* TASK STATEMENT:
Search the material for lines containing the word "image", and copy each one.

* RECORDS FOR THE TASK:
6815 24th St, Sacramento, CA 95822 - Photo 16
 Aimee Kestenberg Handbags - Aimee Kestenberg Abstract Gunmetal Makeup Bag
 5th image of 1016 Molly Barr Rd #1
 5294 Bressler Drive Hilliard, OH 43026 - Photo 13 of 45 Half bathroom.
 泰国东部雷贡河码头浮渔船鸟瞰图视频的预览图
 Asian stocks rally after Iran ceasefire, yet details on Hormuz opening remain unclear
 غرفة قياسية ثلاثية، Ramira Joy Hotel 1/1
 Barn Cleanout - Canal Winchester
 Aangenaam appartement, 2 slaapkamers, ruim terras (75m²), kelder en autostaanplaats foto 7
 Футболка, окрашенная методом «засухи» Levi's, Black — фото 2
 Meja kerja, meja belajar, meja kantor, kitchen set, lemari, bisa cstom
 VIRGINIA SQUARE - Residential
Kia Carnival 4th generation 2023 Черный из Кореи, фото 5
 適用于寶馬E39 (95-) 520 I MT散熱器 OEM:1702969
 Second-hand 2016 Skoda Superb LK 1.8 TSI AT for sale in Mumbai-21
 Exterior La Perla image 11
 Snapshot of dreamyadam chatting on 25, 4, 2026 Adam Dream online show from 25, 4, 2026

* RESPONSE:
 5th image of 1016 Molly Barr Rd #1
 Exterior La Perla image 11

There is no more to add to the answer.